WASHINGTON (AP) The government is delaying a planned auction of wireless licenses that are ideal for delivering high-speed Internet, video and other features to telephones and handheld devices.
The Federal Communications Commission said Wednesday it will push back the auction, scheduled for September, so the agency can address questions raised by several parties.
The auction involves frequencies now used by broadcasters still operating on channels 60 through 69. As they make the switch from analog to digital television, broadcasters eventually will give back those higher number channels to the FCC and will occupy only channels 2 through 51.
Broadcasters have until 2006 or when digital TV reaches 85 percent of the market, whichever is later, to return their analog channels to the government. In the meantime, they will continue to broadcast in two channels one analog and one digital so consumers still can get a signal even if they do not have a digital television.

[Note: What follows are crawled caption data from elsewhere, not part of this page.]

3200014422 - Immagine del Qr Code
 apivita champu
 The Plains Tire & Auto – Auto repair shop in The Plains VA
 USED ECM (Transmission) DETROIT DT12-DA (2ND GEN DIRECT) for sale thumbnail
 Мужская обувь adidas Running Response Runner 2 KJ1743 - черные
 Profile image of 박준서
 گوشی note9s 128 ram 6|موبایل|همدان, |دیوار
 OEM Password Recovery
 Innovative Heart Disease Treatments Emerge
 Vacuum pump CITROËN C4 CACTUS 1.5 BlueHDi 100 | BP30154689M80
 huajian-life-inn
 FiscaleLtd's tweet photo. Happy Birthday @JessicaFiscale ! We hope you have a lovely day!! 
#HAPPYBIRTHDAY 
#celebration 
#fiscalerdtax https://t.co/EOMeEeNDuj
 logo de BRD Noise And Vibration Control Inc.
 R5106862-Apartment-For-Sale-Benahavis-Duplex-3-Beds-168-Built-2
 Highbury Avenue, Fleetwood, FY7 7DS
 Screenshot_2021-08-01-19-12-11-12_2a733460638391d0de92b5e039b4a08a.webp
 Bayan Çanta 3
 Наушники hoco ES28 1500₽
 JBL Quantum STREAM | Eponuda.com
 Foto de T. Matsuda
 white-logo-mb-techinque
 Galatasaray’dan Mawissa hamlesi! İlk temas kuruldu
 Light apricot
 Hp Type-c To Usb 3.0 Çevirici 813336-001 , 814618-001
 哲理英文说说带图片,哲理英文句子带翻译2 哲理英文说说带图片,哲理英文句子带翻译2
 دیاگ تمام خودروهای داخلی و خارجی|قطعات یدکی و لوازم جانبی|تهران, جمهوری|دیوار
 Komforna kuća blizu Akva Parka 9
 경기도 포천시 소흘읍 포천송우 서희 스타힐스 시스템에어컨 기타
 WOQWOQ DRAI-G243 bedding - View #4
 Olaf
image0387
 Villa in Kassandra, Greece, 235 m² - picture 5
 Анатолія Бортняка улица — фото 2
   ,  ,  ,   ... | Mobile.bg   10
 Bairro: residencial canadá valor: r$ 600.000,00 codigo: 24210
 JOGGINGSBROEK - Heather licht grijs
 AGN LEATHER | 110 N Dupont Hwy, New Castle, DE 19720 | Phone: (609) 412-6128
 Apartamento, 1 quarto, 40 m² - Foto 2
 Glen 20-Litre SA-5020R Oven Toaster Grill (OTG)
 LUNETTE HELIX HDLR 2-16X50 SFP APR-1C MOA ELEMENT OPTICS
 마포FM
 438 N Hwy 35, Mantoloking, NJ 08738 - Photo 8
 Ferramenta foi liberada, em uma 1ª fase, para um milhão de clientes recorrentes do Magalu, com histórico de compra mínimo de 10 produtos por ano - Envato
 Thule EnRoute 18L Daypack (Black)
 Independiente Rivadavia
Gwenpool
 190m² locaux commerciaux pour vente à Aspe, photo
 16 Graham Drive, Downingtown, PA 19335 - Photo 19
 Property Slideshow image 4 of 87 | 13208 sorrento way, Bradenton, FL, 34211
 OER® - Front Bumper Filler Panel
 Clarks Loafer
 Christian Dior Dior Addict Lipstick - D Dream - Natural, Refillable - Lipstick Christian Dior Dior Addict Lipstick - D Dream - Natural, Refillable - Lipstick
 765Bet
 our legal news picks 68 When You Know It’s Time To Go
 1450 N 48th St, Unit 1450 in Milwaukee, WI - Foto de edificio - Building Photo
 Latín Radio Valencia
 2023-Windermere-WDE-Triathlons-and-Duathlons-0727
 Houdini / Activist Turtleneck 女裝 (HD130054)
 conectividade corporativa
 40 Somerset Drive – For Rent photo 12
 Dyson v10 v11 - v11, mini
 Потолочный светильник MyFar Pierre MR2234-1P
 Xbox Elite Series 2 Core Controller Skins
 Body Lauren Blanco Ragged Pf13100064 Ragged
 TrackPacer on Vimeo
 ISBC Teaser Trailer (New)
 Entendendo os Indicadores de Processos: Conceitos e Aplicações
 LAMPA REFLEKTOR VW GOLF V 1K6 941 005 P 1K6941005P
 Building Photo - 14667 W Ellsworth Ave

By law, the commission must start to sell off the airwaves space above channel 51 even before the broadcasters clear out.
Wireless carriers are expected to bid aggressively for the licenses, even though some may have to wait before they can begin using it.
Those slices of the airwaves also are ideal for transmitting large amounts of data and video to handheld devices and cell phones.
The wireless industrys top trade group applauded the commissions action, saying it would give their companies greater certainty about when those frequencies will be clear for them to offer new services.
Broadcaster Paxson Communications Corp., which owns a number of stations operating on channels 60-69, also said it was pleased by the delay. The move will give the FCC time to consider questions about how broadcasters will be compensated for quickly moving out of their channels, the company said.